Is it possible to somehow merge the sparsity patterns of the block
matrices and the block vectors and use them for creating the matrix A
using e.g. dolfinx.fem.create_matrix
?
Since my jacobian consists of both bilinear and linear forms, I can’t use
dolfinx.fem.create_matrix_block
, right?
import time
import numpy as np
import ufl
from dolfinx import fem, mesh
from dolfinx.fem.petsc import create_matrix, create_vector
from mpi4py import MPI
from petsc4py import PETSc
from ufl import ds, dx, inner, nabla_grad
Print = PETSc.Sys.Print
def ass_linear_form_into_vec(vec, form):
fem.petsc.assemble_vector(vec, fem.form(form))
vec.assemble()
def ass_bilinear_form(mat, form, bcs, diagonal):
# TODO ask if there is a public interface for assembling matrices into an
# existing PETSc matrix.
fem.petsc._assemble_matrix_mat(
mat,
fem.form(form),
bcs=bcs,
diagonal=diagonal,
)
mat.assemble()
def main():
msh = mesh.create_unit_interval(MPI.COMM_WORLD, nx=3000)

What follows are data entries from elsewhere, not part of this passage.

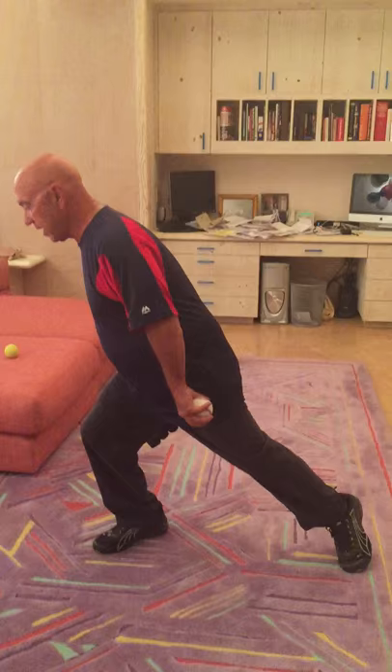That whole motion — with the chest over the knee — will give you the momentum to get on the ball of your foot.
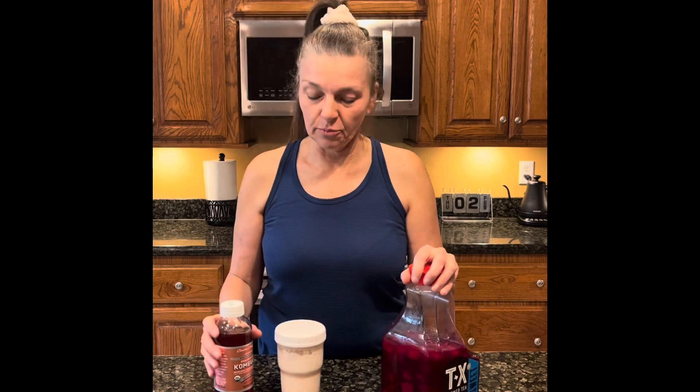Hello everyone and welcome back to my channel. This morning I'm here in the raw, no makeup. What I want to bring to you this morning is probiotic art. Just like baking is an art, cup making is an art, pen making is an art — making probiotic foods is an art, and it's an art that I have been working on for probably 15 or 20 years.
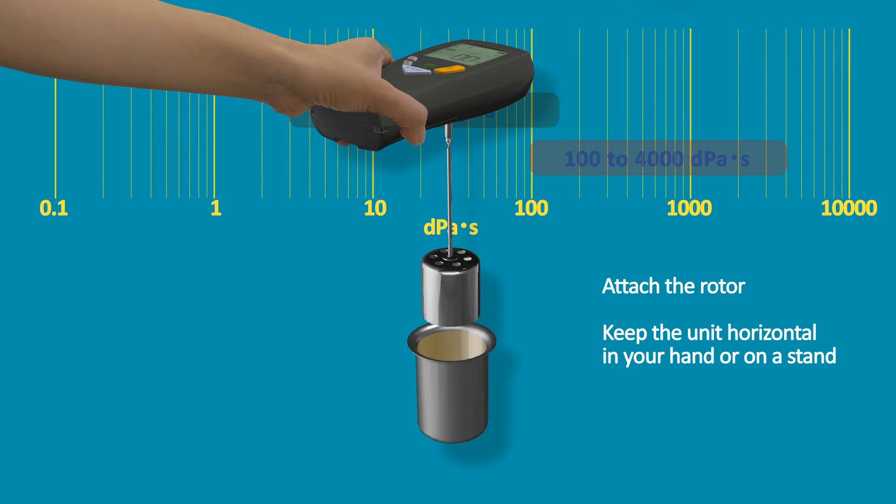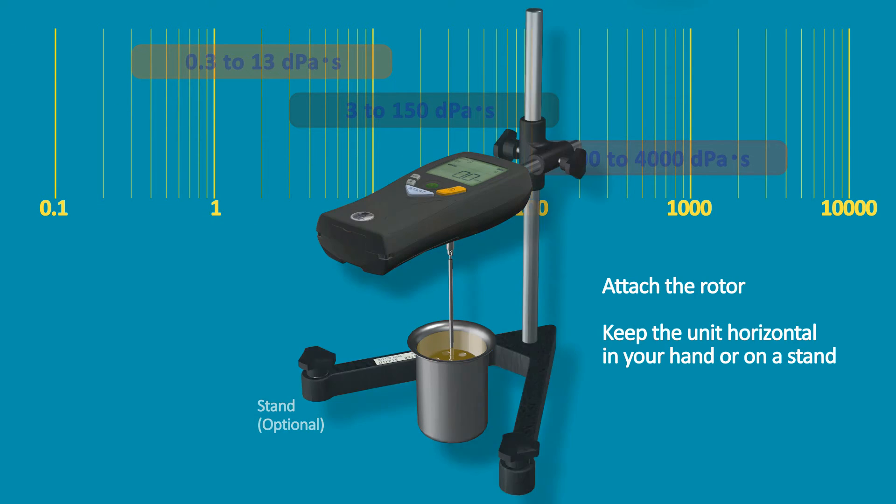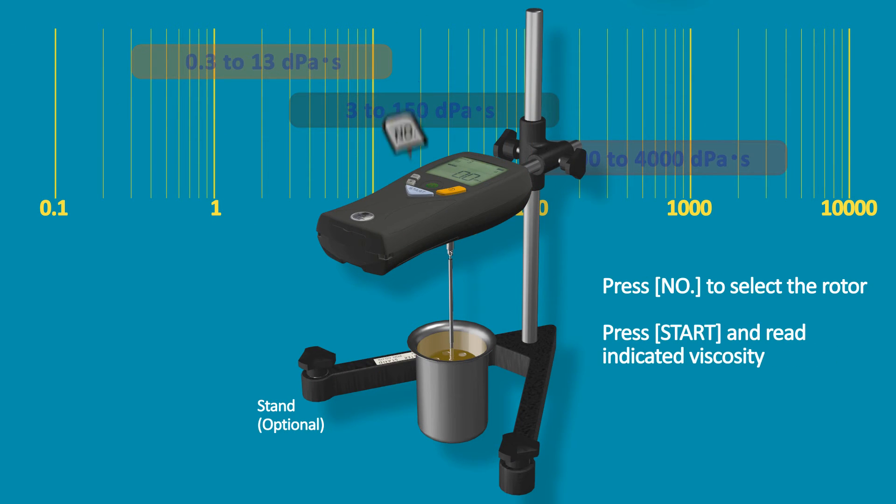Attach the rotor. Keep the unit horizontal in your hand or on a stand. Press the number to select the rotor. Press start and read the indicated viscosity.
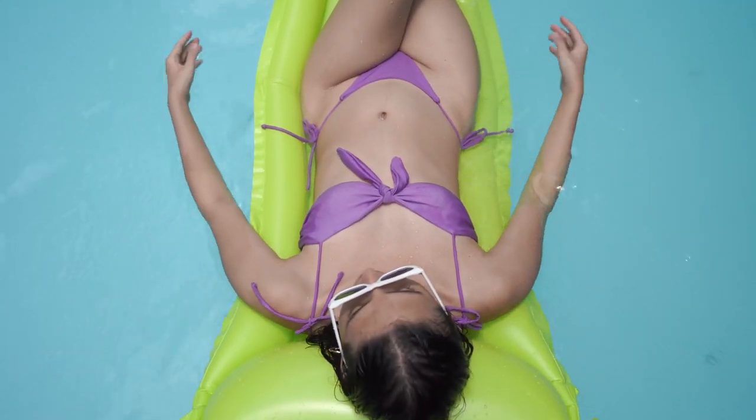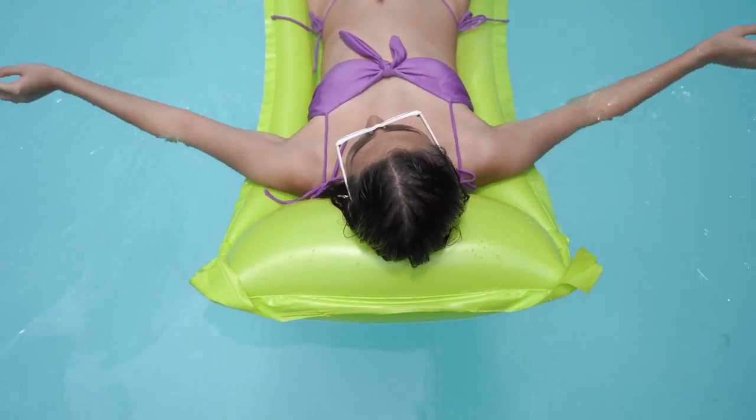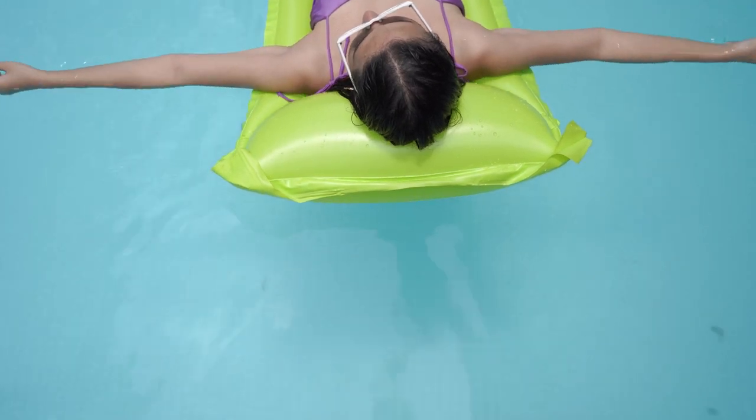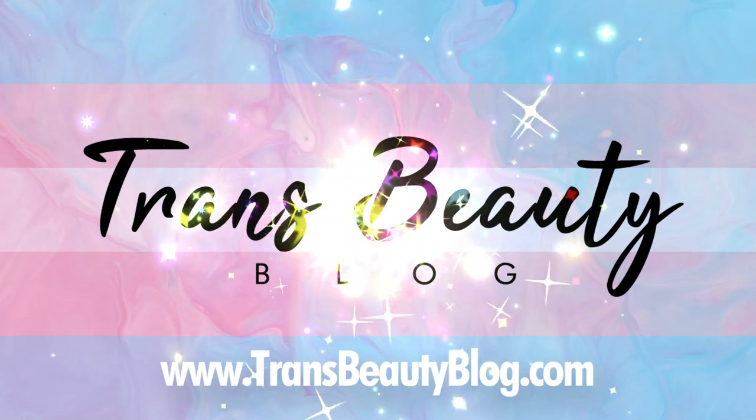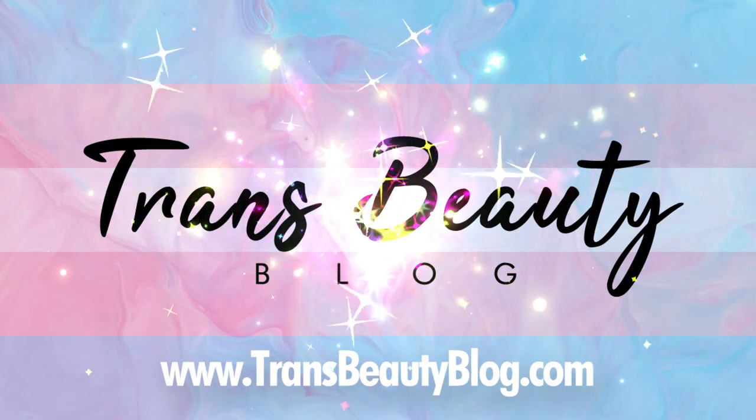For more trans beauty content, visit us at www.transbeautyblog.com. Also make sure to like, comment, and subscribe. Thanks for watching.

V = fem.FunctionSpace(msh, ("Lagrange", 3))
u = ufl.TrialFunction(V)
v = ufl.TestFunction(V)
bcs = []
L = fem.petsc.assemble_matrix(
fem.form(-inner(nabla_grad(u), nabla_grad(v)) * dx),
bcs=bcs,
diagonal=PETSc.ScalarType(0),
)
n = L.getSize()[0]
et = PETSc.Vec().createSeq(n)
et.setValue(500, 1.0)
df_dv = et.array.real
dg_dw = et.array.real
A = PETSc.Mat().create(MPI.COMM_WORLD)
# A.setOption(PETSc.Mat.Option.HERMITIAN, False)
N = 2 * n + 2
A.setSizes([N, N])
A.setUp()
b = fem.Function(V)
b.x.array[:] = 1.234
# create bilinear and linear forms
bilin_form = -inner(nabla_grad(u), nabla_grad(v)) * dx
mat_dFRe_dv = create_matrix(fem.form(bilin_form))
mat_dFRe_dw = create_matrix(fem.form(bilin_form))

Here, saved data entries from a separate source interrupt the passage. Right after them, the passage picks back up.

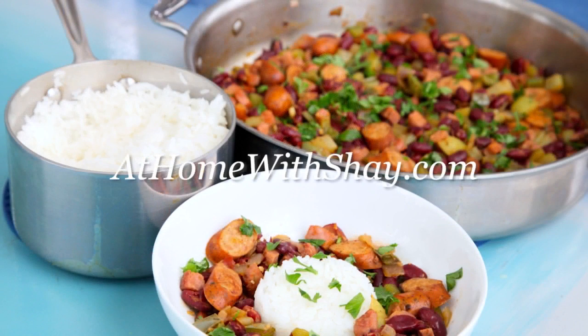Grab the recipe for red beans and rice at homewithshea.com. Shea Ryan, ABC Action News.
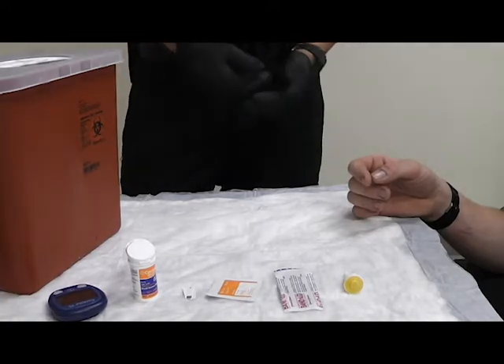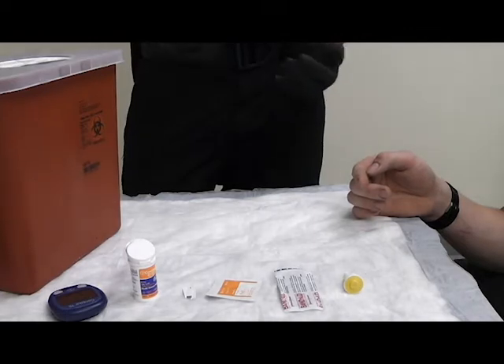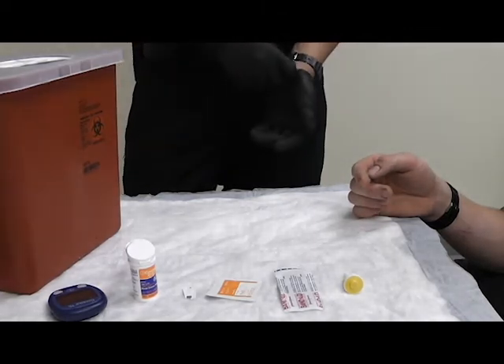This is a demonstration of blood glucose testing using a manual glucometer. I'm first going to start by using the scene safety VSI. I'm going to have my gloves on.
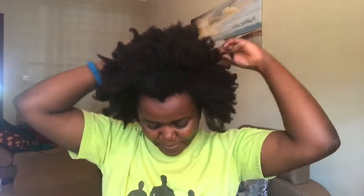I sprinkled and sprayed my hair with some water and got it fairly damp.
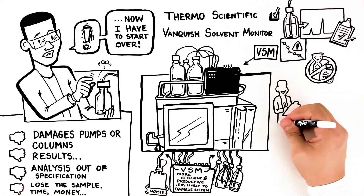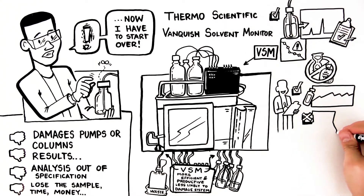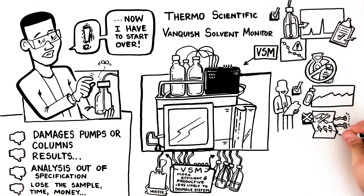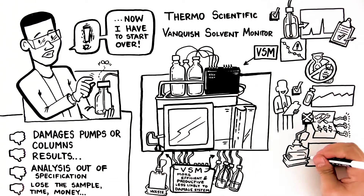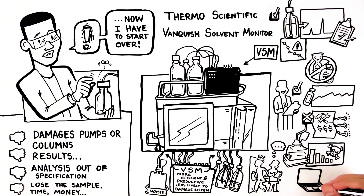Because you don't have to worry about your system running dry, you'll have longer column lifetimes and avoid the maintenance costs associated with worn-out pump seals. And because you can't overfill your waste, it lessens the chance that your lab will be exposed to hazardous waste. Finally, it eliminates the need to constantly walk in and out of your lab to check eluent levels, as you can visualize all the levels remotely.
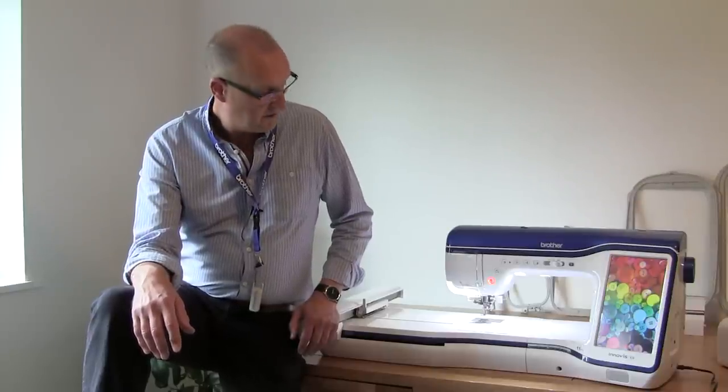Hi, I'm Keith Lloyd from Lloyd Sewing. This is the new Brother XV Sewing and Embroidery Machine. Let's take a quick overview of some of the features of the physicality of the machine itself.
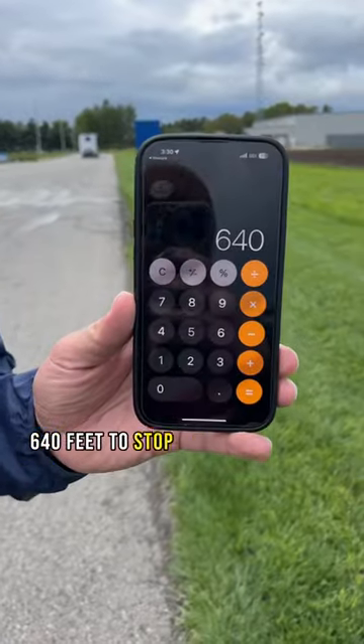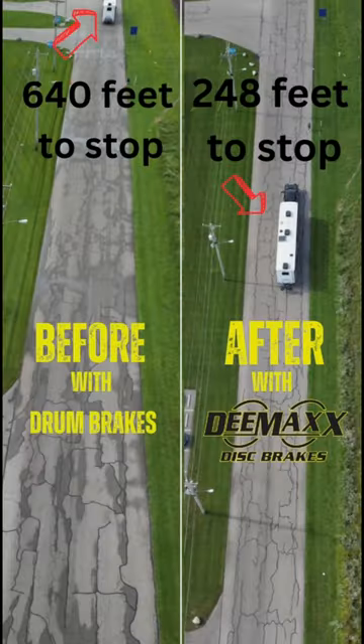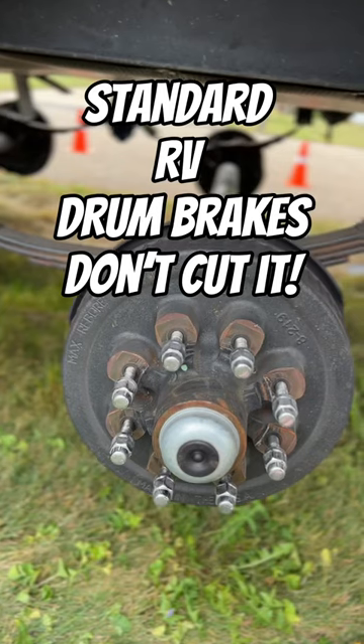640 feet to stop that trailer. Wow. Be sure to follow along for part two — it's coming soon.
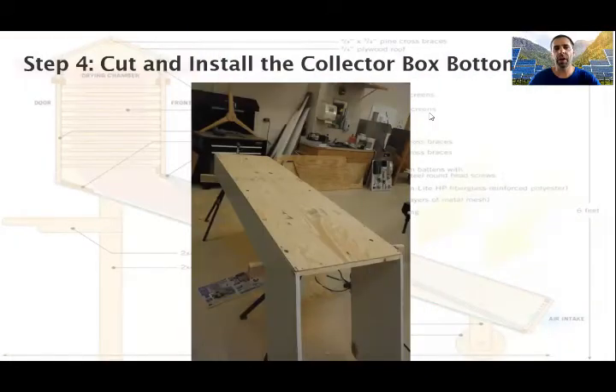Do you remember that sheet of ¼ inch exterior grade plywood in the materials list? Cut a 24 inch wide piece from it that's the same length as the bottom of the collector box. In this design, the length is 6 feet and 11 inches. With the two joined sides still upside down on the sawhorses, place a healthy strip of waterproof wood glue down both edges of the side pieces and on the braces you just installed. Then lay the ¼ inch plywood bottom over the dehydrator sides and secure it in place with 1¼ inch exterior screws every foot or so.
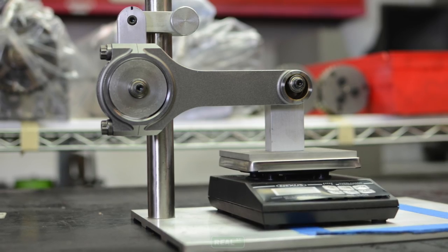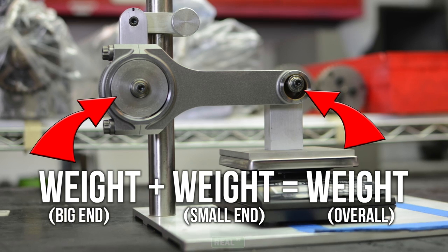Just laying the connecting rod on a gram scale does not give us enough information to help you get a replacement. The connecting rod manufacturers use split weights to match the rods by weight.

mat_dFIm_dv = create_matrix(fem.form(bilin_form))
mat_dFIm_dw = create_matrix(fem.form(bilin_form))
ass_bilinear_form(mat_dFRe_dv, bilin_form, bcs=bcs, diagonal=1.0)
ass_bilinear_form(mat_dFRe_dw, bilin_form, bcs=bcs, diagonal=0.0)
ass_bilinear_form(mat_dFIm_dv, bilin_form, bcs=bcs, diagonal=0.0)
ass_bilinear_form(mat_dFIm_dw, bilin_form, bcs=bcs, diagonal=1.0)
lin_form = inner(b, v) * dx
vec_dFRe_dk = create_vector(fem.form(lin_form))
vec_dFRe_ds = create_vector(fem.form(lin_form))
vec_dFIm_dk = create_vector(fem.form(lin_form))
vec_dFIm_ds = create_vector(fem.form(lin_form))
ass_linear_form_into_vec(vec_dFRe_dk, lin_form)
fem.set_bc(vec_dFRe_dk, bcs)
ass_linear_form_into_vec(vec_dFRe_ds, lin_form)
fem.set_bc(vec_dFRe_ds, bcs)
ass_linear_form_into_vec(vec_dFIm_dk, lin_form)
fem.set_bc(vec_dFIm_dk, bcs)
ass_linear_form_into_vec(vec_dFIm_ds, lin_form)
fem.set_bc(vec_dFIm_ds, bcs)
Print("Fill real jacobian with values")
t0 = time.monotonic()
# TODO is it possible to determine the sparisty pattern of the whole jacobian A?
# the jacobian consists of four block matrices (bilinar forms) and 6 linear
# forms (2 row vectors and 4 column vectors)
block_mats = [
# matrix, row offset, col offset
(mat_dFRe_dv, 0, 0),
(mat_dFRe_dw, 0, n),
(mat_dFIm_dv, n, 0),
(mat_dFIm_dw, n, n),
]
def insert_values(target_matrix, block_matrix, row_offset, col_offset):
rows_ind, cols, values = block_matrix.getValuesCSR()
cols_to = cols + col_offset
rows_ind_to = np.empty(
N + 1, dtype=np.int32
) # +1 because rows_ind_to[0] is always 0
_idx = 0
rows_ind_to[_idx : _idx + row_offset] = 0
_idx = _idx + row_offset
rows_ind_to[_idx : _idx + len(rows_ind)] = rows_ind
_idx = _idx + len(rows_ind)
rows_ind_to[_idx:] = len(values)
t_setCSR_0 = time.monotonic()
target_matrix.setValuesCSR(
rows_ind_to, cols_to, values, addv=PETSc.InsertMode.ADD
)
Print(f"single setValuesCSR call took {time.monotonic()-t_setCSR_0:.2f}s")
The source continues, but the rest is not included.